An unusually large spread between your specification limits can also result in a large Ppk, Cpk value. The issue here is whether your customers can accept this amount of potential variability in your product performance. Unless your organizational culture is committed to a "Run to Target" mindset and you have honest to goodness working (i.e. effective) process controls, wide specification limits only provide temptation to release product that deviates from the norm as long as it is in spec. Capability Indices are point-estimates; they vary over time depending on the sample collected, and they do not drive daily production decisions. If the customer desperately needs the product it is only human nature to find a way to ship "suspect" product - retest, slit and salvage, etc. How often have you heard the phrase or something similar: "When in doubt ship it out"? Generally the outcome is if the customer wants it bad, they will get it... bad.

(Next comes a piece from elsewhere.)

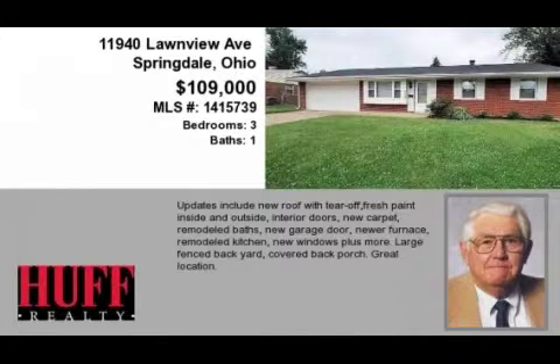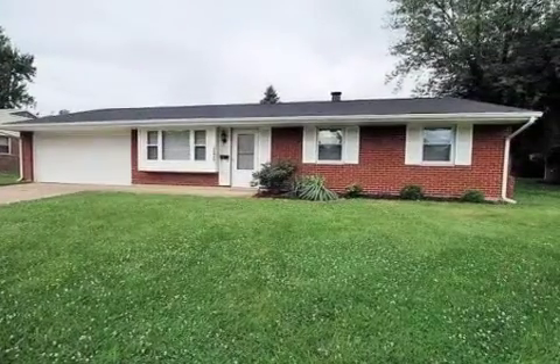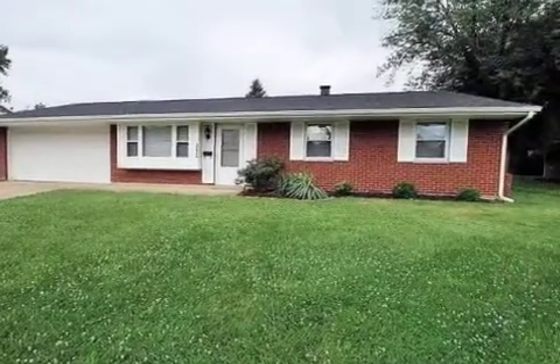This property is a three-bedroom, one full bath, and one-half bath home. The list price has recently been reduced to $109,000.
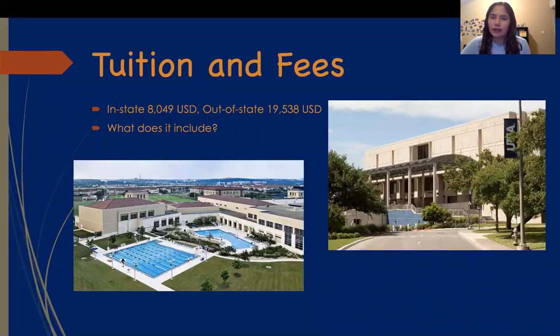So what are the tuition and fees? In-state tuition is $8,049 but out-of-state is $19,538. This includes access to the rec center which has a gym and a pool, which you can see in the picture, and it also offers classes. It also includes access to the library where you can use computer labs, print, and much more.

Your test methods do not predict fitness for use -

If your capability indices are large but you continue to receive frequent complaints and experience high DPPM, it might also be the result of inadequate test methods. Customer requirements are constantly changing. When was the last time you validated your customer requirements? This issue of validating and re-validating Voice of Customer influences how specification limits are set (see point above), but also helps confirm whether your manufacturing-friendly tests are adequate and relevant. Test Methods MSA studies (e.g. Gage R&R) to evaluate and improve test method capability are definitely important towards reducing overall process variability, but very repeatable and reproducible tests are meaningless if the test method itself does not predict fitness for use. Large Cpk, Ppk of a process as measured by an irrelevant test method cannot assure customer satisfaction.

Your process is not stable; a trend exists -
In cases where short-term variation is much smaller than long-term variation, the Cp metric can be unusually large in comparison to the Ppk. For example, the variability between successive measurements (individuals) is relatively small, but the overall process is trending upward or downward.

These six examples highlight the more common reasons for disconnects between internal measures of quality and customer perceptions of quality. These distinctions should be monitored and tracked over time in a balanced scorecard.